**Parameterizations are the bane of statistical software**. One of the most common errors is to assume that one software package uses the same parameterization as another package. For example, some packages specify the exponential distribution in terms of the *mean* but others use the *rate*.

Python’s SciPy library has a somewhat unusual approach to parameterization with some advantages. SciPy makes every continuous distribution a location-scale family, even those distributions that typically do not have a location or scale parameter. This eliminates, for example, the question of whether an exponential distribution is parameterized by its mean or its rate. There is no mean or rate parameter *per se*. But there is a scale parameter, which happens to also be the mean.

Some methods on distribution classes have unusual names. For example, the inverse CDF function, often called the quantile function, is `ppf`

for “percentile point function.” The complementary CDF function, or CCDF, is called `sf`

for “survival function.” (Survival function is not an unusual name, though my preference would have been `ccdf`

since that would make the API more symmetric.)

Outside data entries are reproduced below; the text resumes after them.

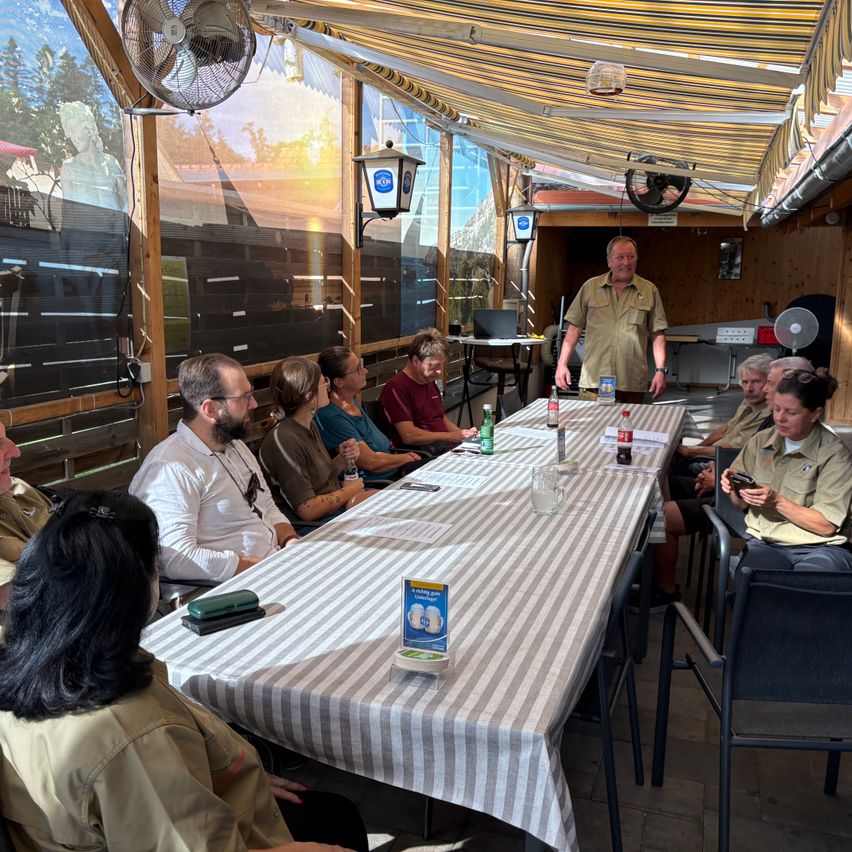 A group of people sit around a long table in an outdoor restaurant. A man stands at the head of the table, and a box is on the table.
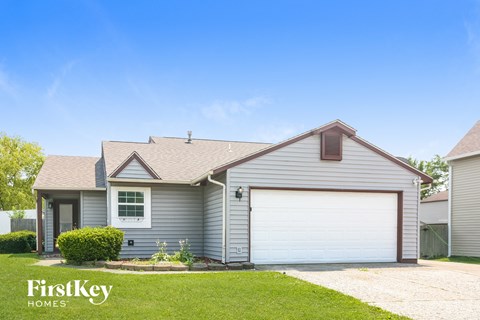 a gray house with a white garage door and a lawn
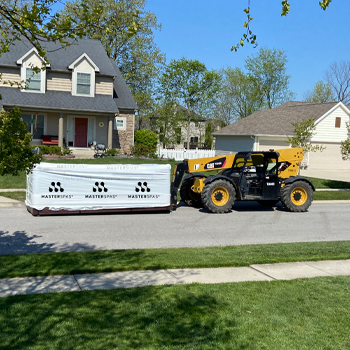 A forklift moving a swim spa that is wrapped in its shipping packaging.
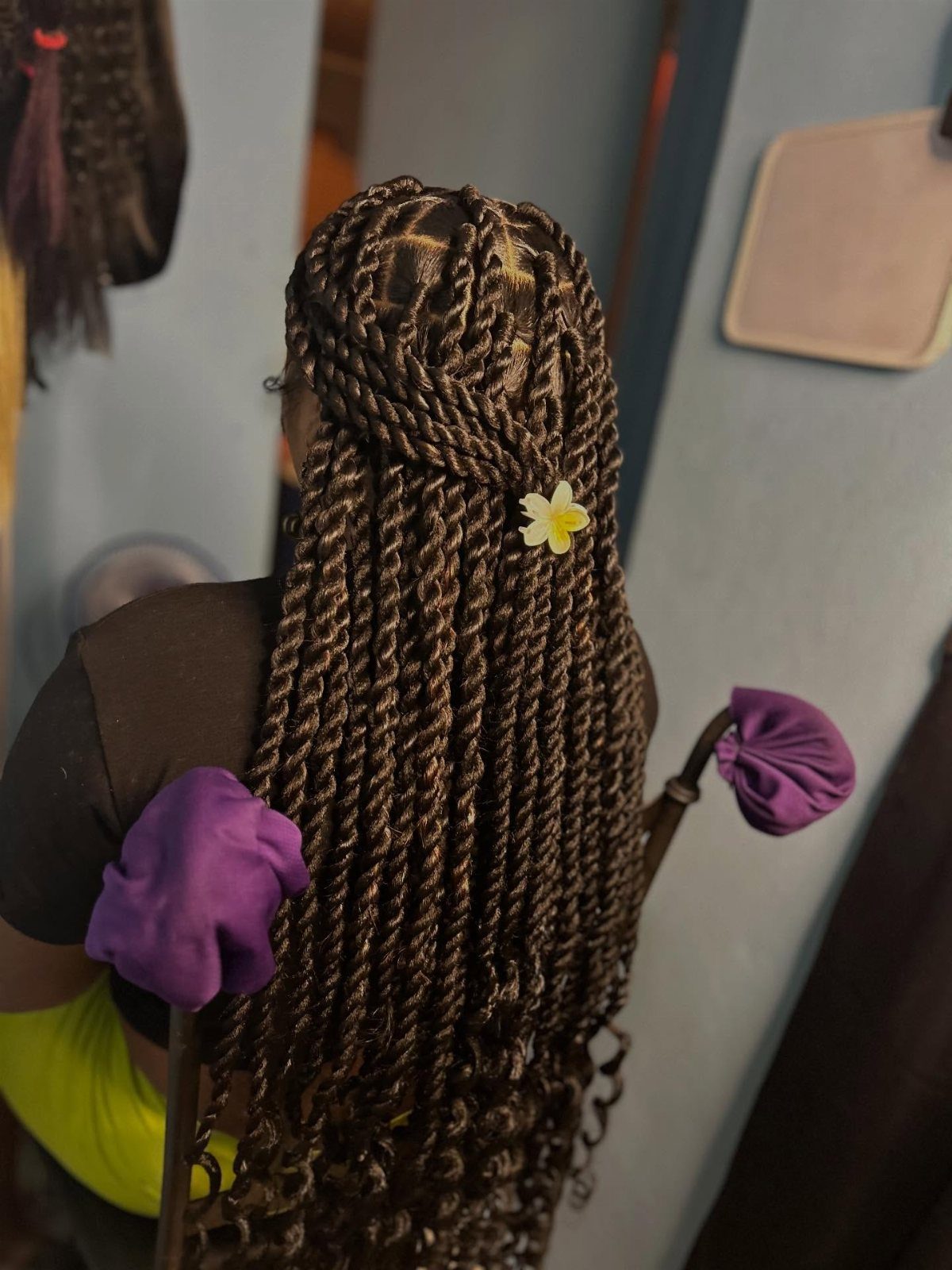 Two Strand Twist Natural Hair Women: 10 Style Ideas 8 Woman with long dark brown two-strand twists and a small white flower accessory.
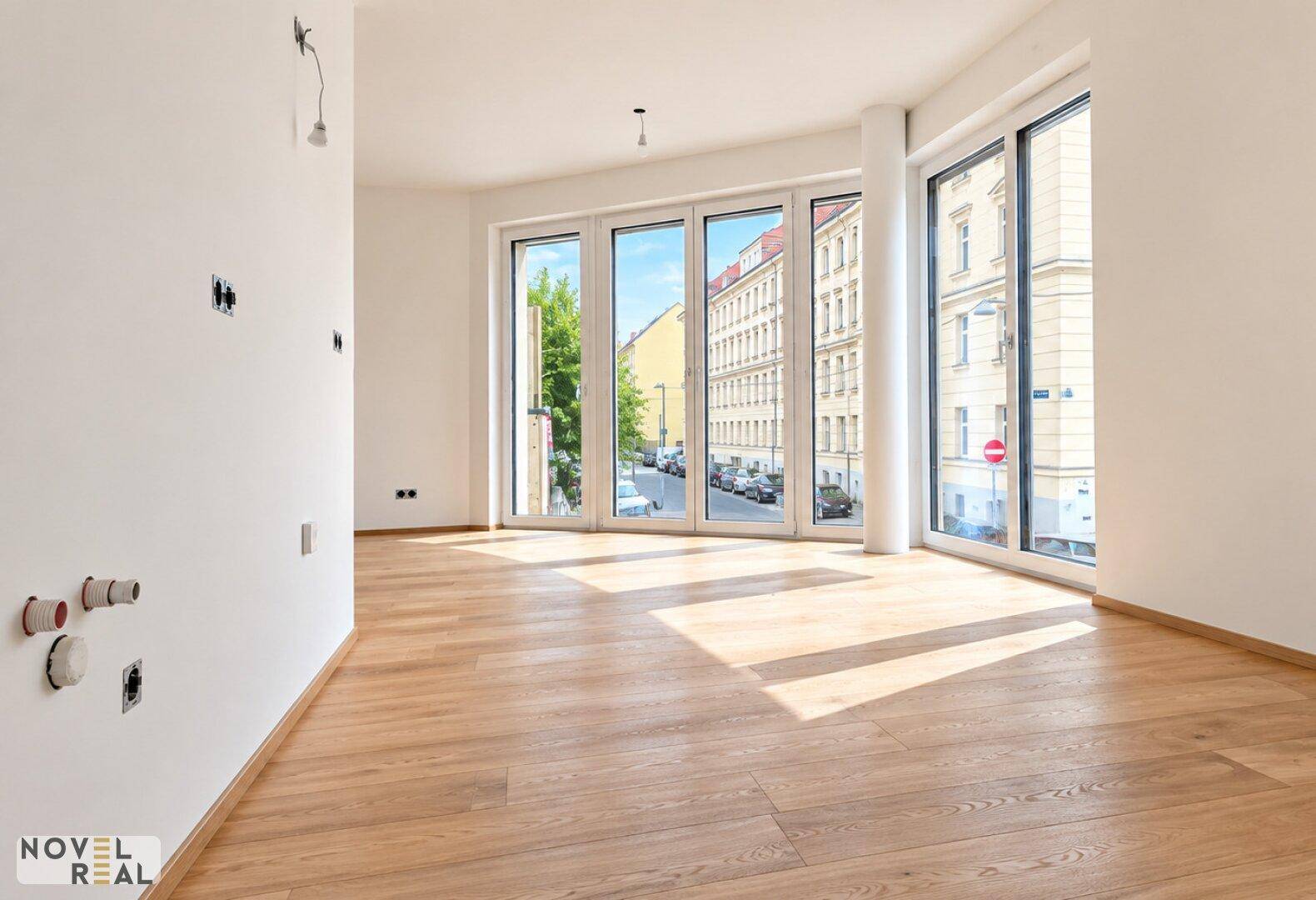 Heller Raum mit großen Fenstern, Holzboden und Anschlüssen für eine Küche.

Discrete distributions in SciPy do not have a scale parameter. Also instead of a `pdf`

method the discrete distributions have a `pmf`

method; continuous functions have a probability *density* function but discrete methods have a probability *mass* function.

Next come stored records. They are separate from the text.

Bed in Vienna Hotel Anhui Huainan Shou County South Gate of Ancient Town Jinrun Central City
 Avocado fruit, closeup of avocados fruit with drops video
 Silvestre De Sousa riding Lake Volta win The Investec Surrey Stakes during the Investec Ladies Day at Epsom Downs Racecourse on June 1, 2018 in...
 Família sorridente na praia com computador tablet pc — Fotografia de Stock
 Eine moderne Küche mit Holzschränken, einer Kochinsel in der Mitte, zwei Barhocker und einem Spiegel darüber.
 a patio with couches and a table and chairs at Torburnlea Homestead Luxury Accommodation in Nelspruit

One surprise with SciPy distributions is that the SciPy implementation of the lognormal distribution does not correspond to the definition I’m more familiar with unless the location is 0. In order to be consistent with other continuous distributions, SciPy shifts the PDF argument *x* whereas I believe it is more common to shift log(*x*). This isn’t just a difference in parameterization. It actually amounts to different distributions.

For more details, see these notes on distributions in SciPy. See also these notes on distributions in R and in Mathematica for comparison.

## Related posts

- Basics of distributions in SciPy
- Getting started with SciPy
- IEEE floating point arithmetic in Python

Gotta agree with you here that it’s an unconventional approach. It wouldn’t be so bad if someone would do a page like the NumPy for Matlab Users page, but make it “SciPy for R and Matlab users”.

I would actually love to see someone do this. It’d be pinned up at my desk in no time and would no doubt save me from reading help() all day.

I think there is a small typo in your first paragraph: to my understanding the mean is the location, not the scale of every exponential family. At least it is so for the gaussian. The scale corresponds to the variance.

Holger: If you write the exponential PDF as exp(-x/mu) / mu, mu is the mean and the scale. I suppose what’s confusing is that for the exponential, the mean is also the standard deviation.

John: that clears it up. Thanks for the clarification.